General characteristics
- Type: Destroyer tender
- Displacement: 7,150 long tons (7,265 t)
- Length: 417 ft 3 in (127.18 m)
- Beam: 54 ft 5.5 in (16.599 m)
- Draft: 20 ft (6.1 m)
- Propulsion: 2 × Thornycroft boilers ; 2 Parsons geared turbines; 4,000 shp (3,000 kW);
- Speed: 15 kn (28 km/h; 17 mph)
- Complement: 397
- Armament: As Built: •8 × 5 in (127 mm) guns; 1 × 3 in (76 mm) guns; 2 × 3-pounder guns; 1 × 18 in (457 mm) torpedo tube; By World War II: •2 × 5 in (127 mm) guns; 4 × 3 in (76 mm) guns; 4 × 40 mm anti-aircraft guns;

= USS Melville (AD-2) =

Tender of the United States Navy

USS Melville (AD-2) was a United States Navy destroyer tender that saw service in both World Wars. Laid down by the New York Shipbuilding Corporation of Camden, New Jersey, on 11 November 1913, she was launched on 2 March 1913, sponsored by Miss Helen W. Neel, granddaughter of Rear Admiral George W. Melville; and was first commissioned on 3 December 1915, Comdr. Henry Bertram Price in command.

==Service history==
===World War I===
Assigned to the Atlantic Fleet, Melville reported to Newport, in January 1916. On 11 May 1917, a month after the United States entered World War I, the destroyer tender got underway for Queenstown, Ireland, arriving on the 22nd. She carried out repair and support operations and served as flagship for Vice Admiral William Sims, Commander of U.S. Naval Forces in European waters, from 10 September-4 January 1919.
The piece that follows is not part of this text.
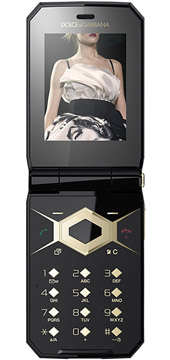 Sony Ericsson Jalou D&G edition thumbnail 2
Melville departed Southampton, England, on 7 January 1919 with troops embarked for the east coast, arriving at New York on the 26th. She then operated at Newport and Guantanamo Bay, Cuba until 30 April, when she departed Tompkinsville, N.Y., for the Azores. There she prepared flying boat NC-4 for the final leg of her long transatlantic journey from New York to Europe and embarked crippled NC-3 for return to the east coast, reaching New York on 10 June.

===Inter-war period===
Reassigned to the Pacific Fleet, the destroyer tender stood out from Hampton Roads, Virginia, on 19 July for the west coast. En route one of her boilers exploded injuring six men, five of them fatally. The collier took her in tow for repairs at Balboa, Panama Canal Zone. On 31 October she arrived at her new home port, San Diego, California, for service along the west coast, alternating with training and fleet exercises in the Caribbean and off Hawaii for the next 21 years.

===World War II===
With the threat of American involvement in World War II, Melville steamed from the Caribbean for the east coast in November 1940. She arrived at Norfolk on 9 December for operations with the Patrol Force, U.S. Fleet, and was transferred back to the Atlantic Fleet on 1 February 1941. Following intensive training at Guantanamo Bay and Culebra, Puerto Rico, and three weeks of supply duties at Casco Bay, Maine, Melville continued on to Bermuda by 16 September to service neutrality patrol ships until returning to Norfolk on 28 November.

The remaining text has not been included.